All lines from the one containing "Shah Alam Apartment" through the end of the data below are to be repeated exactly, with pictures left out.

[Captioned web images]
####
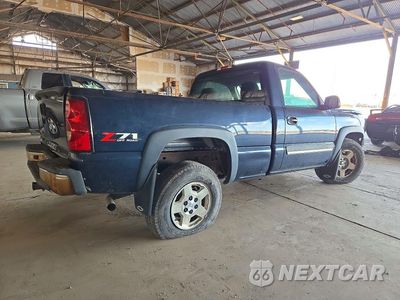 Trzecie zdjęcie samochodu z tyłu: 2006 CHEVROLET SILVERADO K1500 VIN:1GCEK14Z96Z297725 - miniatura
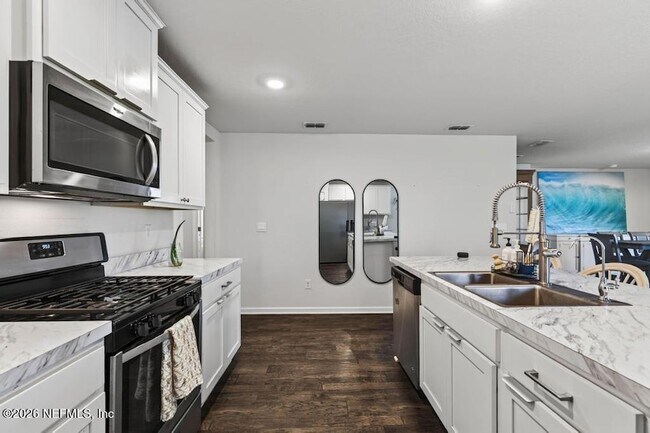 Building Photo - 14 Jarama Cir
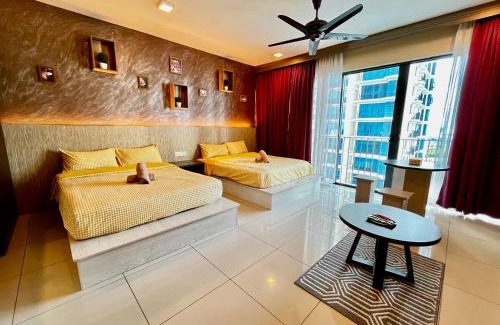 Shah Alam Apartment | Serene Trefoil Home - Walk to Setia City Mall & Setia City Convention Centre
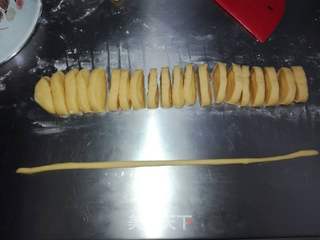 如何做不加一滴水的鸡蛋麻花的做法步骤:6
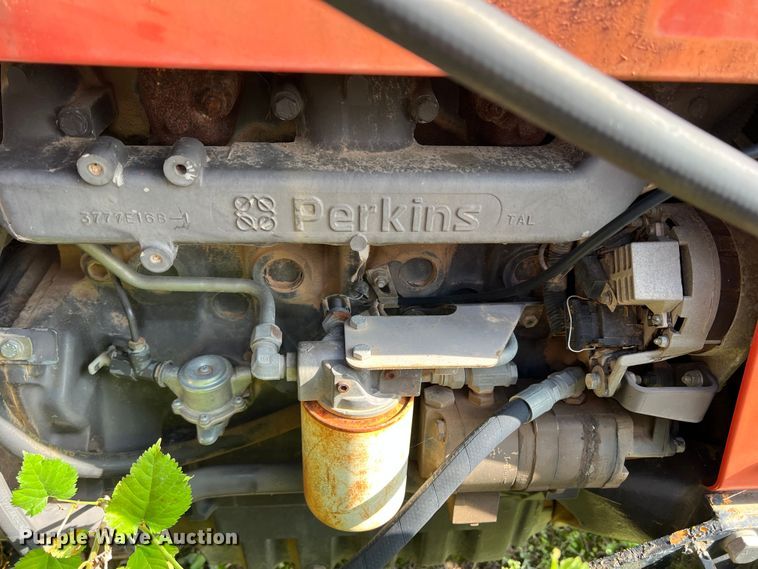 image for item LB9333 1993 Massey Ferguson 383  tractor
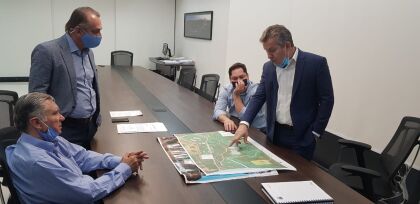 O projeto do parque foi elaborado pelo arquiteto e urbanista Antônio Carlos Cândia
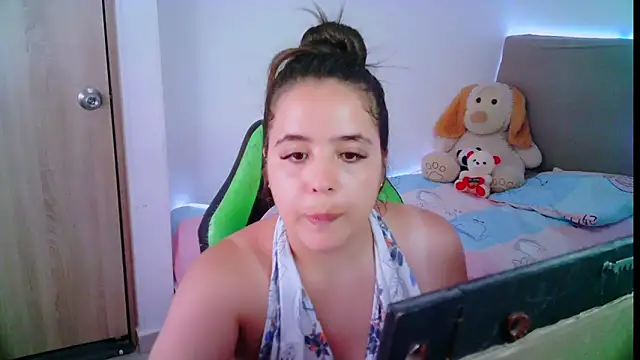 Snapshot of _alicia_z chatting on January 2025 06:14:01 PM alicia z online show from January 2025 06:14:01 PM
####
## YOUR RESPONSE
 Shah Alam Apartment | Serene Trefoil Home - Walk to Setia City Mall & Setia City Convention Centre
 如何做不加一滴水的鸡蛋麻花的做法步骤:6
 image for item LB9333 1993 Massey Ferguson 383  tractor
 O projeto do parque foi elaborado pelo arquiteto e urbanista Antônio Carlos Cândia
 Snapshot of _alicia_z chatting on January 2025 06:14:01 PM alicia z online show from January 2025 06:14:01 PM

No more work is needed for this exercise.